Problem statement: Dropping every picture, set down exactly the lines in the entries below, starting with the line with "Residential window cleaning" and going on through the line with "GIRLS | 2025".

Available data:
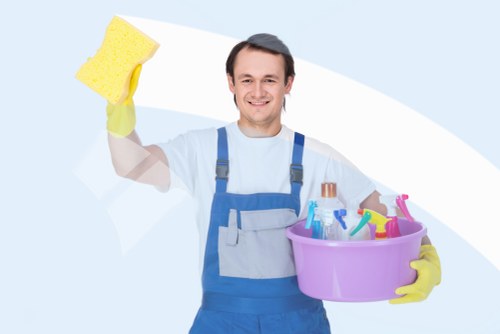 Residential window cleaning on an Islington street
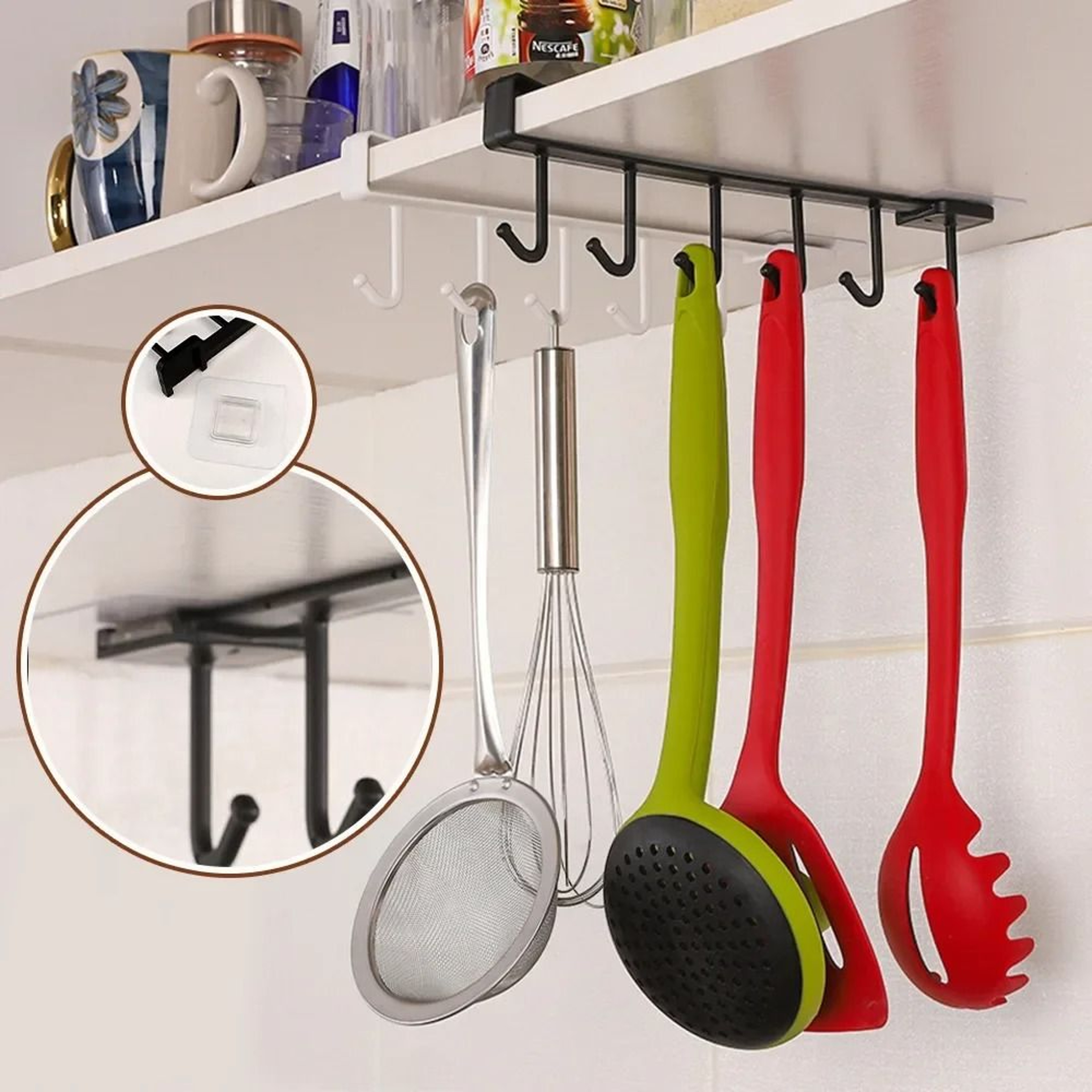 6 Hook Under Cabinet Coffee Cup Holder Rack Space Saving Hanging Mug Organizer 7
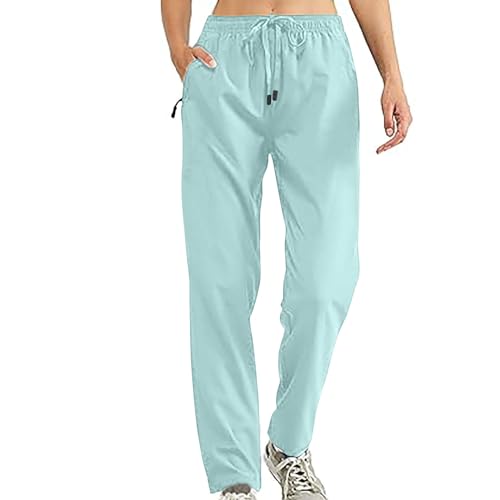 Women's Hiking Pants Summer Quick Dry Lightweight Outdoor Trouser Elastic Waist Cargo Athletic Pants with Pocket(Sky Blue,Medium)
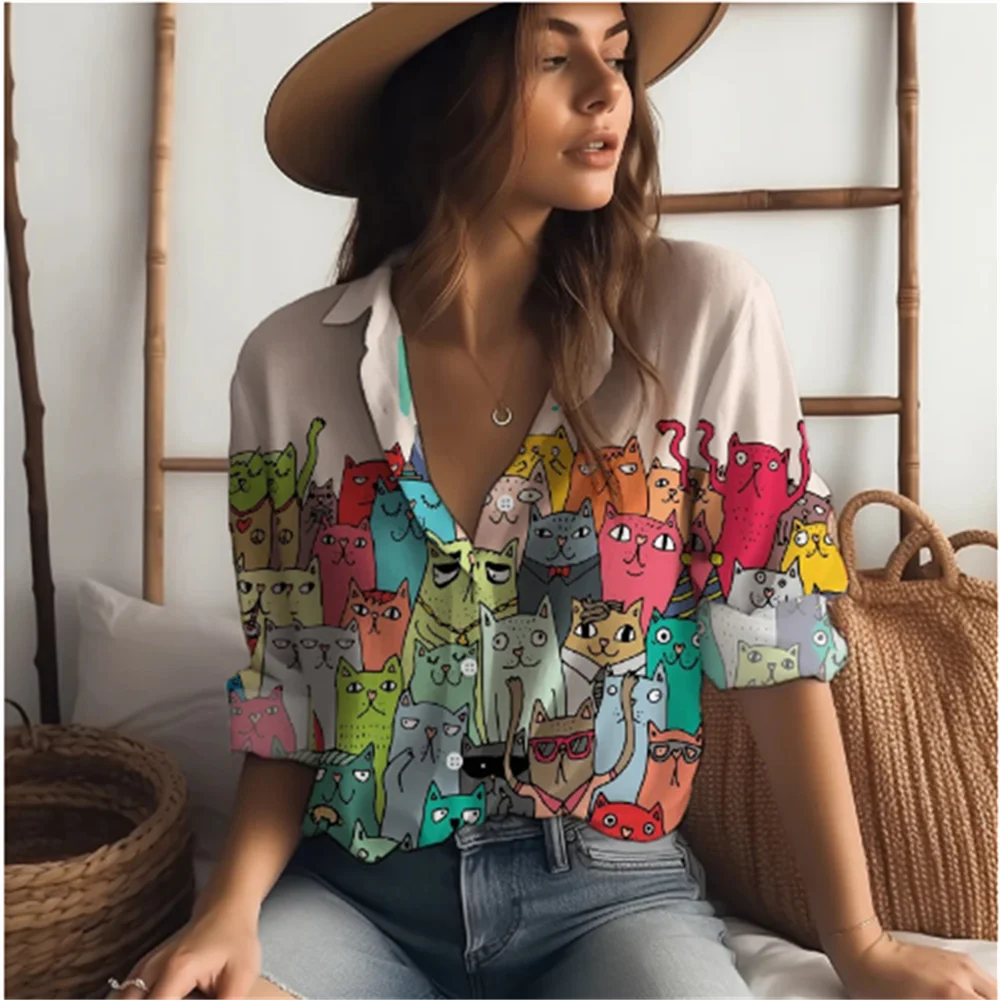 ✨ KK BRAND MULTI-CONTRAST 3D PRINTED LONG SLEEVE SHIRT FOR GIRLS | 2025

...

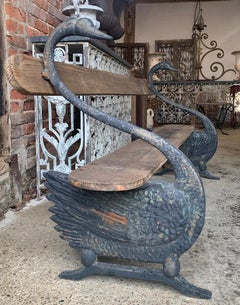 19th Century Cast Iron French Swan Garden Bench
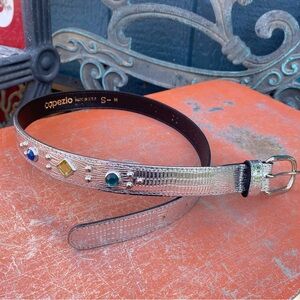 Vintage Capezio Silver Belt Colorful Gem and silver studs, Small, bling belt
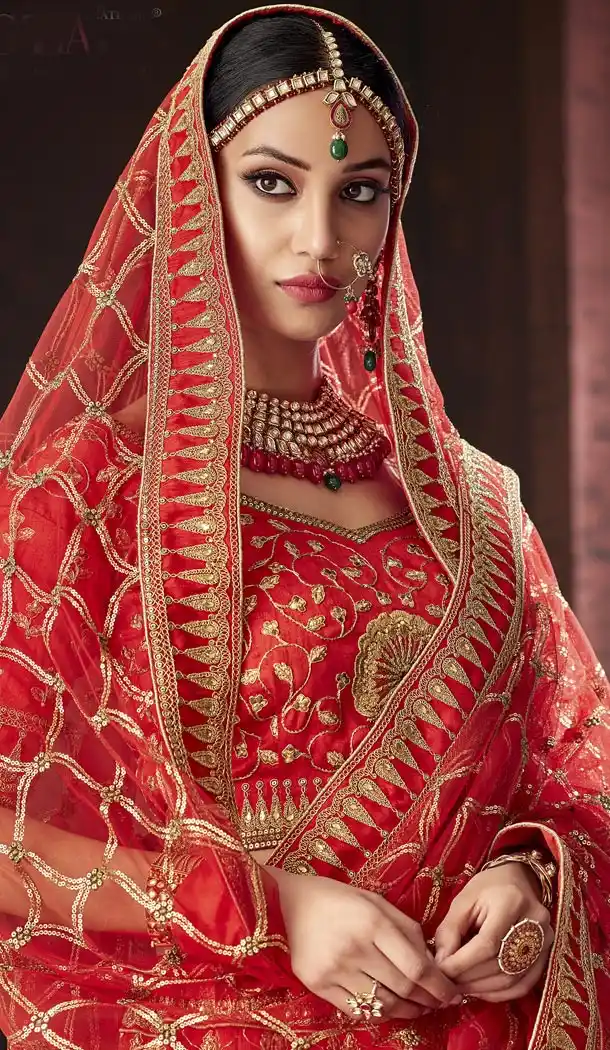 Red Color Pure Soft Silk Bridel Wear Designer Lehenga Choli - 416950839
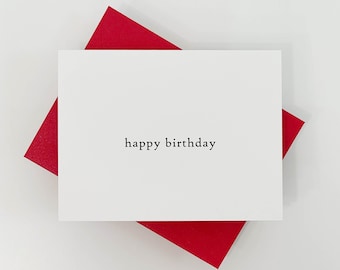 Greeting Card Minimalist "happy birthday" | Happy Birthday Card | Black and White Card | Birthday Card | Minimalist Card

Result:
 Residential window cleaning on an Islington street
 6 Hook Under Cabinet Coffee Cup Holder Rack Space Saving Hanging Mug Organizer 7
 Women's Hiking Pants Summer Quick Dry Lightweight Outdoor Trouser Elastic Waist Cargo Athletic Pants with Pocket(Sky Blue,Medium)
 ✨ KK BRAND MULTI-CONTRAST 3D PRINTED LONG SLEEVE SHIRT FOR GIRLS | 2025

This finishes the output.